ゆっくりと暗くなる部屋の中で、デジタル時計は、蓄電した数字を表示していた。
20:14:03。
▼未登録異常事案・初動観測記録▼
暫定事案番号: I-20██-0215-04
発生日時: 20██年2月15日 20時14分03秒
発生地点: ██県██市██町
記録作成: サイト-81██ 観測管理室
状態: 調査継続中
注意: 本文書は対象、発生源および異常性の特定以前に作成された初動資料です。後続の収容記録および分類資料と、用語、数値、推定内容が一致しない場合があります。
概要
20時14分03秒、██市北部に設置された広域アスペクト放射観測器三基が、住宅区域内を中心とする局所的な異常放射を検出しました。
観測点間の時間差から推定される発生範囲は、半径約30m以内です。発生地点には一般住宅一棟が含まれています。

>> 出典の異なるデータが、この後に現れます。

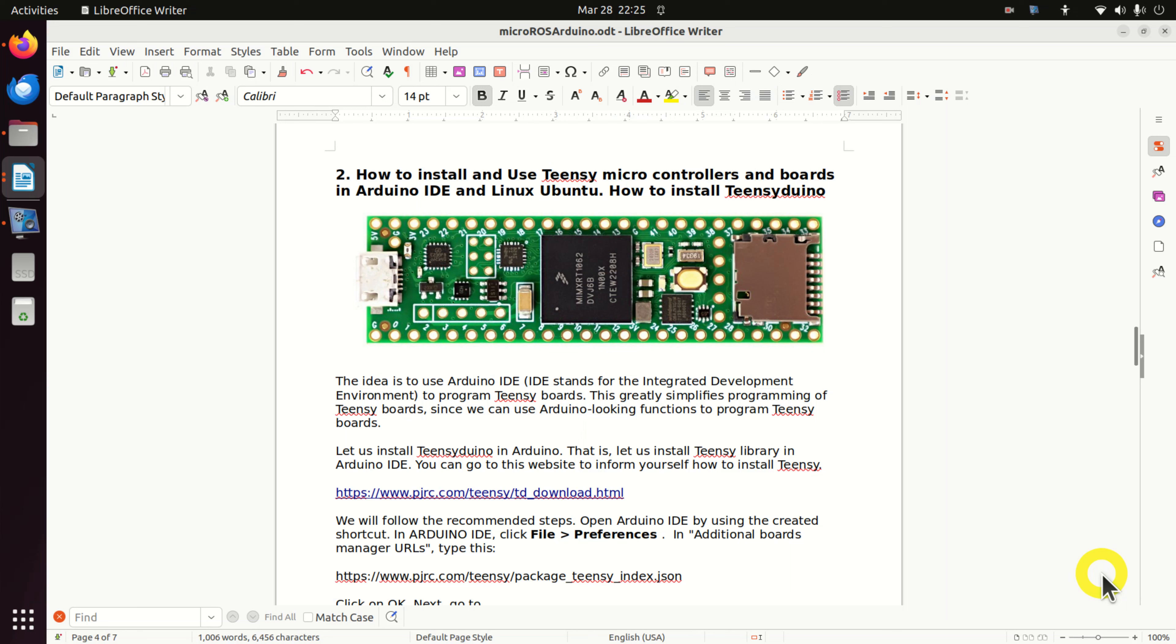Hello everyone. In this tutorial we will learn how to install and use Teensy microcontrollers and boards in Arduino IDE and Linux Ubuntu. That is, we will learn how to install Teensyduino.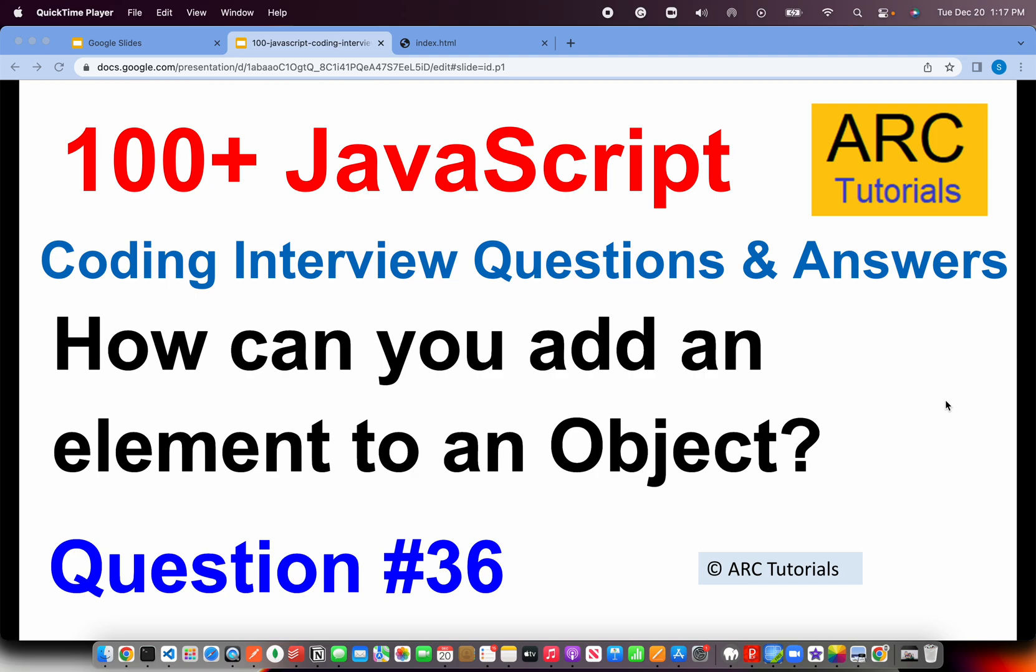Welcome back to ARK Tutorials. This is JavaScript Top 100 Coding Interview Questions and Answer Series. This is episode number 36 and in today's episode the question is how can you add an element to an object. How can you add more properties to an object? That's a pretty straightforward question and this is just a beginner, junior developer question to see if you have worked with objects and how do you add it at runtime.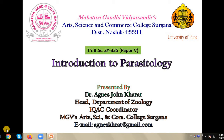Hello dear student, this is Dr. Agnes John Karath from MGV's Art, Science and Commerce College, Surugana. With me, we will begin a new course of Zoology: Parasitology.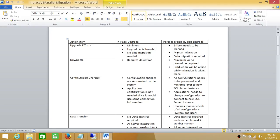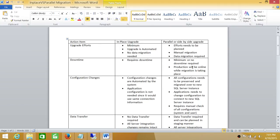Downtime: in-place upgrade requires some downtime because your application will not be able to connect to SQL Server during the upgrade — all applications need to be down. Parallel or side-by-side upgrade keeps your legacy system online while you do the upgrade. The only downtime is the switching or cut-over time, once testing is completed and you're ready to move to the new SQL Server. So it is minimum or no downtime, since production remains online while migration is taking place.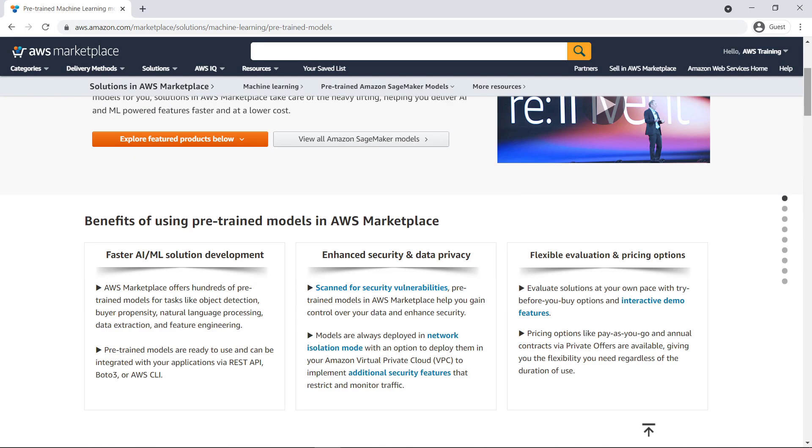With AWS Marketplace, you can choose from a large selection of pre-trained ML models for tasks like object detection, buyer propensity, natural language processing, data extraction, and feature engineering.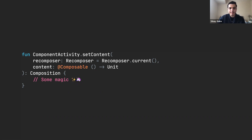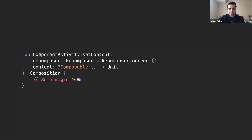The @Composable annotation is basically the secret sauce of Compose and the most fundamental building block of Jetpack Compose. Annotating a function with @Composable allows that function to define or describe UI. Compose uses a custom Kotlin compiler to work. What this compiler does is change the definition of functions annotated with @Composable at compile time. This is critical for Compose to function, because the changes the compiler makes is what allows it to keep track of changes across all functions.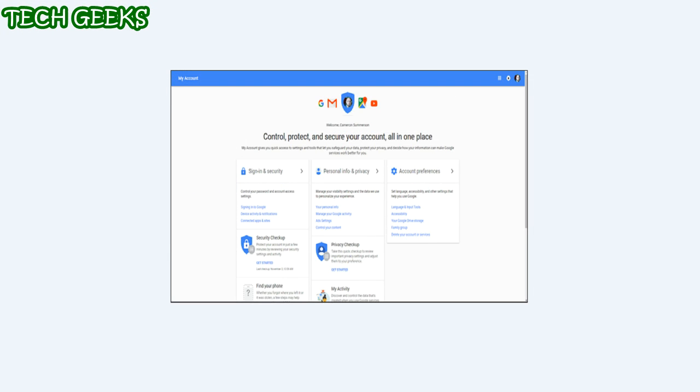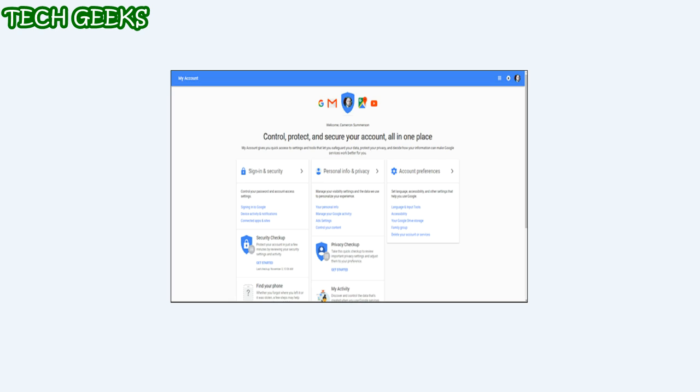For the sake of simplicity, I am going to focus on how to do this on your browser, though this setting exists on some Android phones as well. Open your browser and go to Google's My Account page while signed in. If it has been a while since you have logged in, you may have to enter your password here.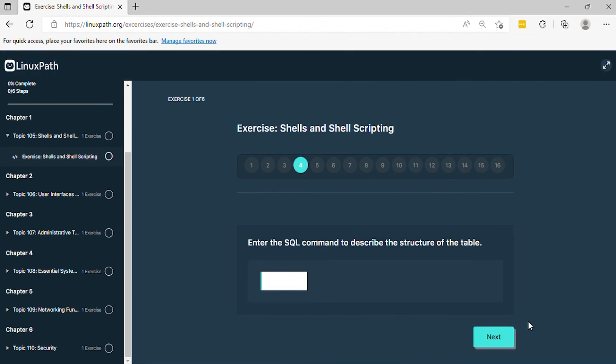Question 4: Enter the SQL command to describe the structure of the table.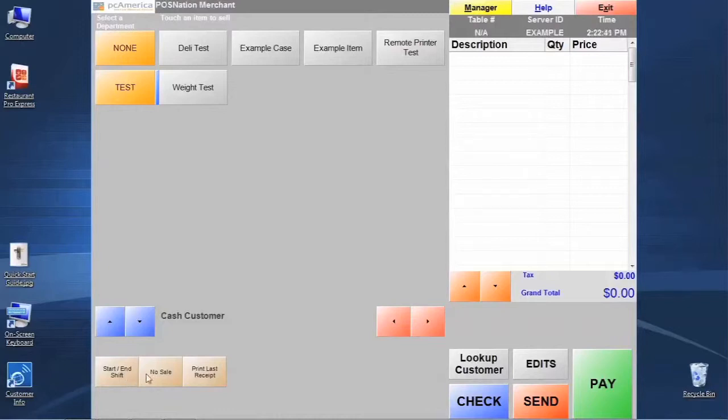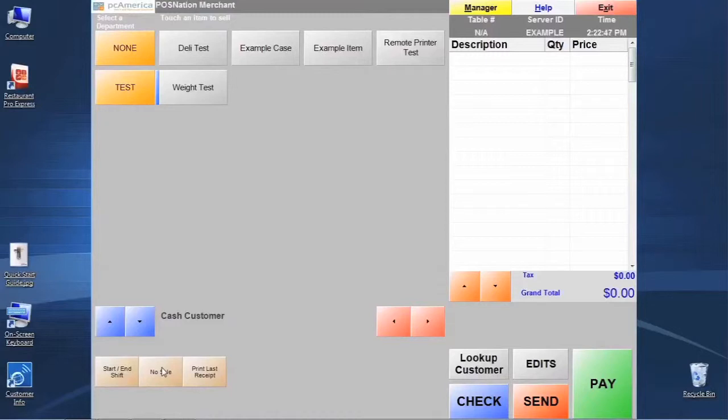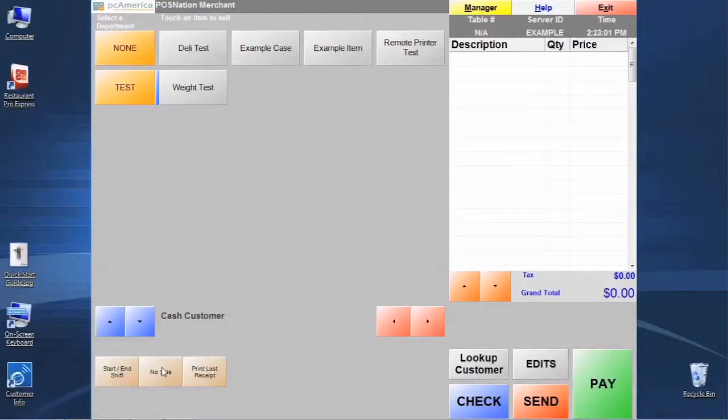And the no sell is a way that we can push that button to pop the cash drawer open doing a no sell function so that we can access the cash drawer. Now obviously these are tied to security permissions. They're not just completely wide open, and we'll talk about security later. But in the meantime we can see that these functions are pretty useful.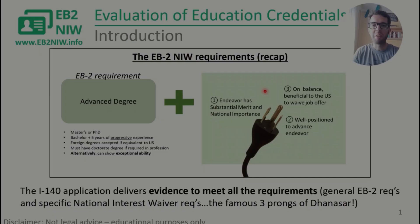Hi, my name is Oscar and I'm a scientist. In today's video I'm going to talk about foreign degrees — if you studied abroad, meaning not in the United States, you should know what you have to do with your degree so you can use it in your I-140 petition.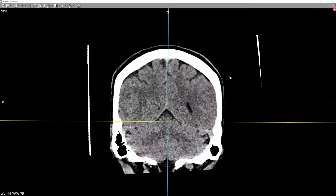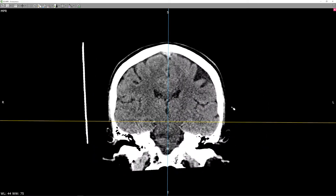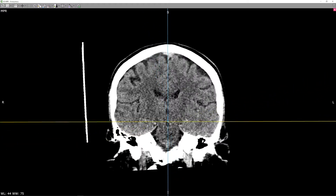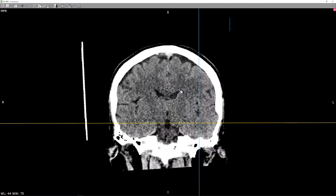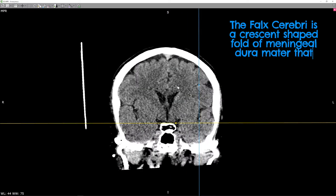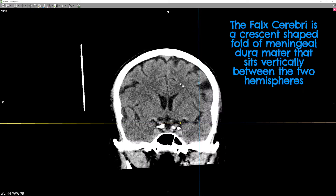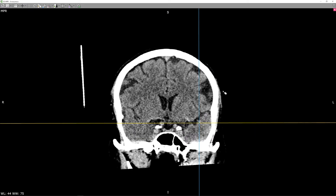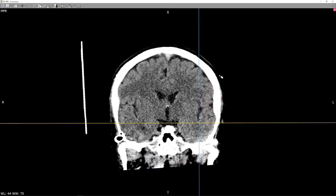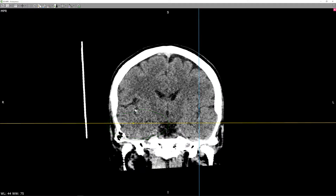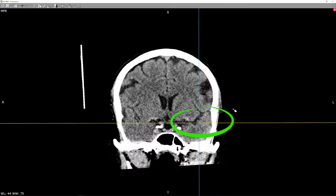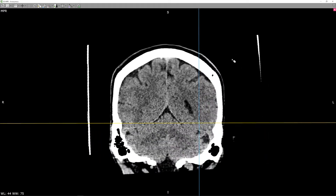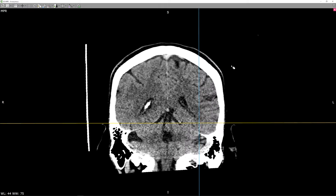In addition, it's also useful to look for collections that are adjacent to the falx, as you can see over here. Furthermore, this view is great for comparing lobes, in particular the temporal lobes shown here, to look for asymmetry in diseases such as Alzheimer's and dementia.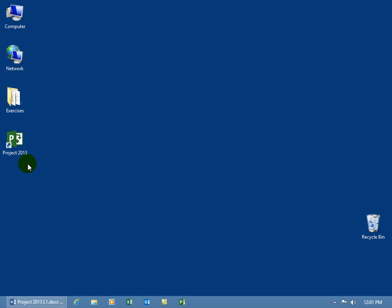Before I open up the Project 2013 program, you need to know that the operating system we're working in is Windows 8. To be able to open it up, you can either create a shortcut here on your desktop or add it down here on the taskbar. You can see when I hover over it, Project 2013.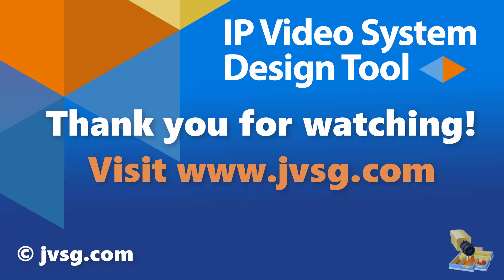Don't forget to like and subscribe for more updates on IP Video System Design Tool 2024.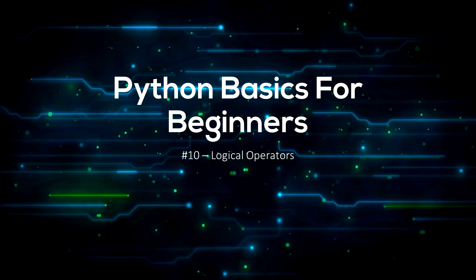Hello everyone, welcome back to SureCode. This is the 10th video in my Python Basics tutorial series.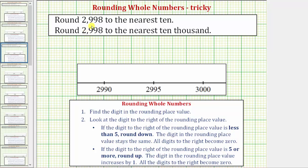We're asked to round 2,998 to the nearest ten, as well as to the nearest 10,000. We'll be discussing how to round using the number line, as well as how to use the formal rules outlined here below. Let's begin by rounding 2,998 to the nearest ten using the number line.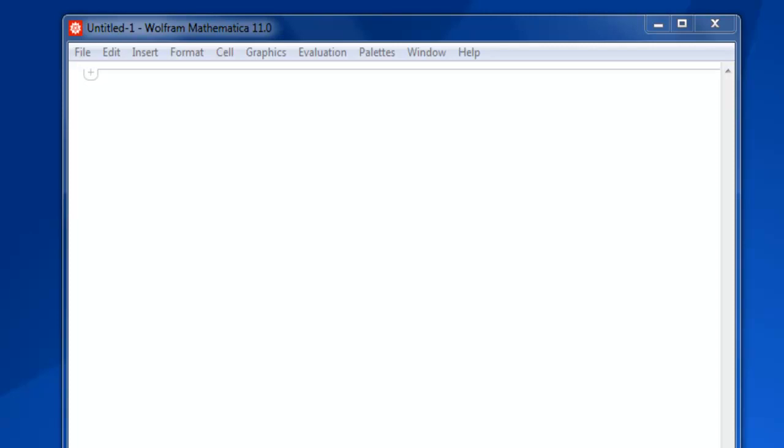Hi there. In this video I'm going to show you how to convert a matrix into a list in Mathematica.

観測された第一波は、暫定的に以下の性質を持つものと評価されています。
推定Hue: Sapphire
推定Pitch: Flat
推定Weave:不明
推定Intensity: 測定不能
判定信頼度: 低
第一波の約0.8秒後、異なる特性を持つ第二波が記録されました。
推定Hue: Lemon
推定Pitch: Sharp
推定Weave: 不明
推定Intensity: 測定不能
判定信頼度: 低
第二波については、第一波に伴う奇跡論的反動である可能性が指摘されています。
ただし、現場から既知の術式、儀礼構造、Everhart共鳴器、術者用装備、または明確なEVE Sourceは発見されていません。
このため、両波の関係は確定していません。
▼現実性変動▼
同時刻、発生地点周辺のヒューム値に短時間の変動が確認されました。
標準基準値100に対し、複数の観測器が97.8から102.4の範囲を記録しています。
変動は約4秒以内に収束しました。
恒常的な低ヒューム区域の形成、空間欠損、時間遅延、または広域的な因果改変は確認されていません。
観測器の一部に同期誤差が生じていた可能性があり、数値は再検証中です。